Figure 5 VAFs of EGFR and TP53. (A) Distribution of VAFs of EGFR and TP53. (B) The frequencies for EGFR and TP53 collectively in tissue and BALF EV DNAs samples were 10–25% and <5%, respectively. VAF, variant allele frequencies; BALF, bronchoalveolar lavage fluid; EV, extracellular vesicle.

To assess the performance of BALF EV DNA in the TMB assay, we compared the results from a tissue TMB with the corresponding TMB results for the BALF EV DNA. TMB of tissue DNA algorithm included nonsynonymous mutations at an AF of ≥5%, whereas the TMB of BALF EV DNA algorithm included nonsynonymous mutations at an AF of ≥0.5%. Overall, the TMB scores in tissue and BALF EV DNAs showed a positive correlation (Spearman’s rank correlation =0.64, Figure 6).

Figure 6 Tumor mutation burden. The tumor mutation burden determined by liquid biopsy performed using EV DNA correlated with that obtained by tumor tissue biopsy (Pearson correlation coefficient: 0.64, P<0.001). TMB, tumor mutation burden; BALF, bronchoalveolar lavage fluid; EV, extracellular vesicle.

Copy number gain was defined as the mean read depth of the gene divided by the median read depth of all autosome genes greater than 2 (double copy) and loss less than 0.5 (one-half copy). Thirty-five copy gains and 38 copy losses were identified in this study. Copy gain was identified in 30 genes from tissue DNA, 1 gene from BALF EV DNA, and 2 genes from both tissue and BALF EV DNAs. Copy loss was exhibited in 19 genes in from tissue DNA, 15 genes from BALF EV DNA, and 7 from both tissue and BALF EV DNAs. The sensitivity of BALF EV DNA was 6% for gain and 27% for loss, using CNVs detection in tissue DNA as a reference. The concordances were 6% for copy gain and 17% for copy loss. Figure S5 shows a plot of representative cases of copy gain in both tumor tissue-derived and BALF EV-derived DNA. The log2 ratio of MYC was 2.3 for tissue DNA and 1.5 for BALF EV DNA, and that of EGFR was 3.7 for tissue DNA and 2.1 for BALF EV DNA. From this result, it can be inferred that the lower absolute value of BALF EV DNA is attributable to low tumor purity. Accurate estimation of CNVs in BALF EV DNA is challenging and is more difficult than identifying low AF mutations.


In this study, we investigated the utility of BALF-EV as a reliable DNA source for targeted NGS analysis for the detection and quantification of mutations in 20 patients with EGFR-mutated lung adenocarcinoma and compared its performance with that of DNA obtained from matched FFPE tissue samples.

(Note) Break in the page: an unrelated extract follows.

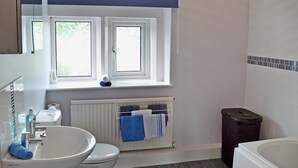 Kylpyhuoneessa on valkoinen pesuallas, wc ja kylpyamme. Pesualtaan yläpuolella on ikkuna ja seinällä pyyheteline, jossa on pyyhkeitä.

In terms of quality statistics, low DNA yield and low tumor purity were observed for BALF EV DNA compared with tissue DNA. Tumor purity and mutational clonality are known to influence sequencing coverage (23). Low tumor purity resulted in the reduction of effective coverage of variant alleles in tumor cells. It was technically difficult to obtain BALF EV DNA with high tumor purity in the present study because current limitation in technology makes obtaining tumor-specific EVs from various EVs present in the BALF samples. Further research is required to establish protocols for obtaining EV with high tumor purity. Increasing the amount of BALF used in NGS can yield higher BALF EV DNA concentration, thereby improving tumor purity and mean depth. In addition, we believe that the development of a method to selectively sort tumor-specific EVs from the BALF samples can also increase tumor purity, thereby achieving high effective coverage.

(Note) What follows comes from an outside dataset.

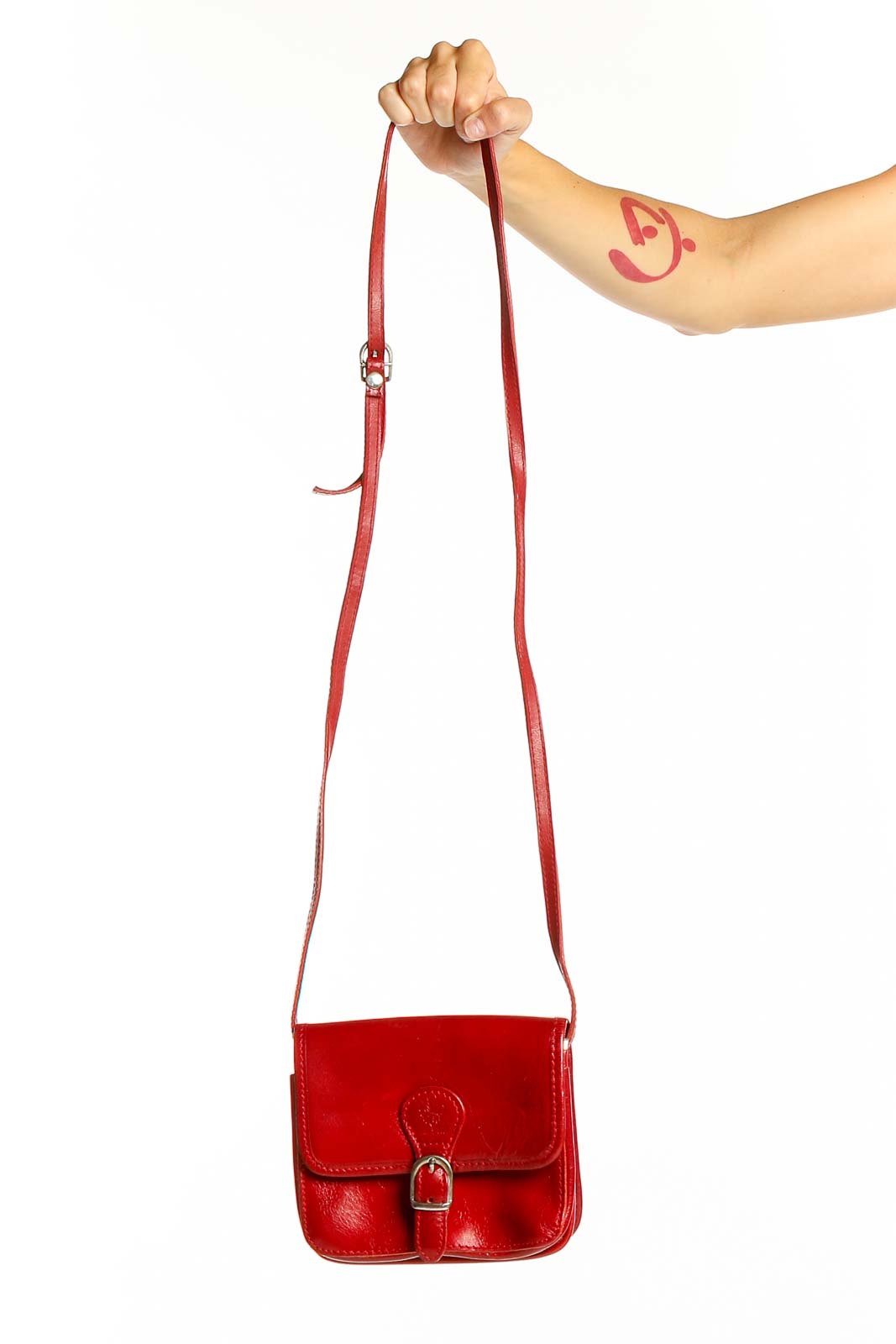 Front view of red leather Vera Pelle crossbody bag with buckle closure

The DNA fragment length in BALF-EV was longer but the difference in library size was not statistically significant between those created using tissue and BALF EV DNAs. These results revealed that the integrity of BALF EV DNA was greater than that of tissue DNA. Larger library fragments could result in greater coverage variability across the target region (31). In this study, the molecular complexity of a genomic sequencing library was maintained in BALF EV DNA, and our findings demonstrate that BALF EV DNA has sufficient quality for use in NGS analysis.

In identifying a candidate mutation, the concordance rate between tissue and BALF EV DNAs was increased when variants with “benign” or “likely-benign” ClinVar clinical significance value was excluded. These findings demonstrated that targeted NGS using the BALF EV DNA has high clinical feasibility and utility.

We unfortunately identified 4 discordant cases, which were found to harbor exon 19 deletion in the tissue DNA NGS, but none in the corresponding BALF EV DNA NGS. It was difficult to distinguish between the true absence of the mutation in BALF EV DNA and technical error. To determine the lower limit-of-detection (LOD), the lowest concentration of an analyte that can be detected reliably (typically defined as having 95% sensitivity) of variants based on dilution assays was needed. The depth of coverage needed to maintain a given sensitivity, increases greatly as VAF decreases. Therefore, in the future studies we should examine the sensitivity for a somatic SNV of given VAF as a function of sequencing depth. These 4 cases showed similar or higher values for DNA quantity, tumor purity, and sequencing depth compared with the 11 exon 19del concordant cases. We extracted unmapped reads of these 4 cases, which were discarded before variant calling. We generated a new exon 19del reference sequence by removing deleted sequences and joining both ends. The extracted unmapped reads were re-mapped against new reference sequences, but we could not find any additional exon 19del mutations. Hasan et al. developed a tool, genesis-indel, which can find missed indels from unmapped reads (32). We used this tool, but obtained no additional indels. Thus, we are unable to explain the cause of these 4 discordant cases.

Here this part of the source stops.